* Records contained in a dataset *

--- --- ---

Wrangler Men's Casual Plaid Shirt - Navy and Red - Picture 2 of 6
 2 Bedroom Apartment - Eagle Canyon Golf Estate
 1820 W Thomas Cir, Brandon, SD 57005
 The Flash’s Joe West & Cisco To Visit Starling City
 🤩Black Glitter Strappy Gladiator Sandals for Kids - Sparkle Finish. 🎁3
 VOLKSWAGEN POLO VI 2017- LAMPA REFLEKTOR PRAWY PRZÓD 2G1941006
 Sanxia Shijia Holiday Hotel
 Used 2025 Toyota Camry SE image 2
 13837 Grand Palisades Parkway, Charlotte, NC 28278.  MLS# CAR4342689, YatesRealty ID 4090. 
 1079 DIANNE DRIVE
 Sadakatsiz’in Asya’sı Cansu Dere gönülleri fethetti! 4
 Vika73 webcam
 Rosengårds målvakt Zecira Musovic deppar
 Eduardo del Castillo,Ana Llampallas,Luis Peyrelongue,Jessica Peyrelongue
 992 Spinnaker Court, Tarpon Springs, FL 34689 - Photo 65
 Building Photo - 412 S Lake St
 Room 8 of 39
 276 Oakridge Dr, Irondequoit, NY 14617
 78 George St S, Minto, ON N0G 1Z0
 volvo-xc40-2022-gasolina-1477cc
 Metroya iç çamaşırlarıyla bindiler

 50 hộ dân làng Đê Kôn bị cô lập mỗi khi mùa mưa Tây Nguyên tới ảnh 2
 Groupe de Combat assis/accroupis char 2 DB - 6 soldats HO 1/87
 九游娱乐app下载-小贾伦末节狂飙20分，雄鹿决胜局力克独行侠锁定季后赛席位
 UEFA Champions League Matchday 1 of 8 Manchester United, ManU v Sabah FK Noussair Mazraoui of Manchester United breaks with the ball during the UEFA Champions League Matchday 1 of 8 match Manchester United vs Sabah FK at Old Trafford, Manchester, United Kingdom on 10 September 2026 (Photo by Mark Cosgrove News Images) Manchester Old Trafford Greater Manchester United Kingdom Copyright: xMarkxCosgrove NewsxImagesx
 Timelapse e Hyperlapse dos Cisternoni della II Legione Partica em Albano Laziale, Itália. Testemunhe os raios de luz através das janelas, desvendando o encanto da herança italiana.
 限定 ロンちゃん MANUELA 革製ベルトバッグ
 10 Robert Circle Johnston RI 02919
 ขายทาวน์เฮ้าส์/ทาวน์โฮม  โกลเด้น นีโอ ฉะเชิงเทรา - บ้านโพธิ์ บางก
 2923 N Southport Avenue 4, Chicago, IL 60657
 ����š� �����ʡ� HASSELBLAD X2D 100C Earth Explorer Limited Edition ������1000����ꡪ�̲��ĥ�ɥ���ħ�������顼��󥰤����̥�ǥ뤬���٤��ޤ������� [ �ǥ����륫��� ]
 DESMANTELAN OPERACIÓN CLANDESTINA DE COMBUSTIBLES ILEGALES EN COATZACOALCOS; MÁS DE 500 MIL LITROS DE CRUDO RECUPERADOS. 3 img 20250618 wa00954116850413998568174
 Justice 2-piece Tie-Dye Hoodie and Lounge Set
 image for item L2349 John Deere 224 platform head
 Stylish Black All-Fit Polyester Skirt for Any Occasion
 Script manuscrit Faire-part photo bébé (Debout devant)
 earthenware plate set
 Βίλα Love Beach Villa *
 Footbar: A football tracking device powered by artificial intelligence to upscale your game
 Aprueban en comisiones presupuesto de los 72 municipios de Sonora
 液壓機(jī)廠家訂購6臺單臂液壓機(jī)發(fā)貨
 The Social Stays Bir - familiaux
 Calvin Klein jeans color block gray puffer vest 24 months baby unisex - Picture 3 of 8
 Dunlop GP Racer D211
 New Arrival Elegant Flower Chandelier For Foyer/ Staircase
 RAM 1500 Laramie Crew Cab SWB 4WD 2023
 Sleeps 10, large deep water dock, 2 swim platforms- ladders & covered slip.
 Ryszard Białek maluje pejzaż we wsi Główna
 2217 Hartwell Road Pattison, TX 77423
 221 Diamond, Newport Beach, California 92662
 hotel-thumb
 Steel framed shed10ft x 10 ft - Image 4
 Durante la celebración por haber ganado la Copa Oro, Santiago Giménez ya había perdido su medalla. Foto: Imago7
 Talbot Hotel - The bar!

--- --- ---

Every record, copied exactly, is the expected answer.

Wrangler Men's Casual Plaid Shirt - Navy and Red - Picture 2 of 6
 2 Bedroom Apartment - Eagle Canyon Golf Estate
 1820 W Thomas Cir, Brandon, SD 57005
 The Flash’s Joe West & Cisco To Visit Starling City
 🤩Black Glitter Strappy Gladiator Sandals for Kids - Sparkle Finish. 🎁3
 VOLKSWAGEN POLO VI 2017- LAMPA REFLEKTOR PRAWY PRZÓD 2G1941006
 Sanxia Shijia Holiday Hotel
 Used 2025 Toyota Camry SE image 2
 13837 Grand Palisades Parkway, Charlotte, NC 28278.  MLS# CAR4342689, YatesRealty ID 4090. 
 1079 DIANNE DRIVE
 Sadakatsiz’in Asya’sı Cansu Dere gönülleri fethetti! 4
 Vika73 webcam
 Rosengårds målvakt Zecira Musovic deppar
 Eduardo del Castillo,Ana Llampallas,Luis Peyrelongue,Jessica Peyrelongue
 992 Spinnaker Court, Tarpon Springs, FL 34689 - Photo 65
 Building Photo - 412 S Lake St
 Room 8 of 39
 276 Oakridge Dr, Irondequoit, NY 14617
 78 George St S, Minto, ON N0G 1Z0
 volvo-xc40-2022-gasolina-1477cc
 Metroya iç çamaşırlarıyla bindiler

 50 hộ dân làng Đê Kôn bị cô lập mỗi khi mùa mưa Tây Nguyên tới ảnh 2
 Groupe de Combat assis/accroupis char 2 DB - 6 soldats HO 1/87
 九游娱乐app下载-小贾伦末节狂飙20分，雄鹿决胜局力克独行侠锁定季后赛席位
 UEFA Champions League Matchday 1 of 8 Manchester United, ManU v Sabah FK Noussair Mazraoui of Manchester United breaks with the ball during the UEFA Champions League Matchday 1 of 8 match Manchester United vs Sabah FK at Old Trafford, Manchester, United Kingdom on 10 September 2026 (Photo by Mark Cosgrove News Images) Manchester Old Trafford Greater Manchester United Kingdom Copyright: xMarkxCosgrove NewsxImagesx
 Timelapse e Hyperlapse dos Cisternoni della II Legione Partica em Albano Laziale, Itália. Testemunhe os raios de luz através das janelas, desvendando o encanto da herança italiana.
 限定 ロンちゃん MANUELA 革製ベルトバッグ
 10 Robert Circle Johnston RI 02919
 ขายทาวน์เฮ้าส์/ทาวน์โฮม  โกลเด้น นีโอ ฉะเชิงเทรา - บ้านโพธิ์ บางก
 2923 N Southport Avenue 4, Chicago, IL 60657
 ����š� �����ʡ� HASSELBLAD X2D 100C Earth Explorer Limited Edition ������1000����ꡪ�̲��ĥ�ɥ���ħ�������顼��󥰤����̥�ǥ뤬���٤��ޤ������� [ �ǥ����륫��� ]
 DESMANTELAN OPERACIÓN CLANDESTINA DE COMBUSTIBLES ILEGALES EN COATZACOALCOS; MÁS DE 500 MIL LITROS DE CRUDO RECUPERADOS. 3 img 20250618 wa00954116850413998568174
 Justice 2-piece Tie-Dye Hoodie and Lounge Set
 image for item L2349 John Deere 224 platform head
 Stylish Black All-Fit Polyester Skirt for Any Occasion
 Script manuscrit Faire-part photo bébé (Debout devant)
 earthenware plate set
 Βίλα Love Beach Villa *
 Footbar: A football tracking device powered by artificial intelligence to upscale your game
 Aprueban en comisiones presupuesto de los 72 municipios de Sonora
 液壓機(jī)廠家訂購6臺單臂液壓機(jī)發(fā)貨
 The Social Stays Bir - familiaux
 Calvin Klein jeans color block gray puffer vest 24 months baby unisex - Picture 3 of 8
 Dunlop GP Racer D211
 New Arrival Elegant Flower Chandelier For Foyer/ Staircase
 RAM 1500 Laramie Crew Cab SWB 4WD 2023
 Sleeps 10, large deep water dock, 2 swim platforms- ladders & covered slip.
 Ryszard Białek maluje pejzaż we wsi Główna
 2217 Hartwell Road Pattison, TX 77423
 221 Diamond, Newport Beach, California 92662
 hotel-thumb
 Steel framed shed10ft x 10 ft - Image 4
 Durante la celebración por haber ganado la Copa Oro, Santiago Giménez ya había perdido su medalla. Foto: Imago7
 Talbot Hotel - The bar!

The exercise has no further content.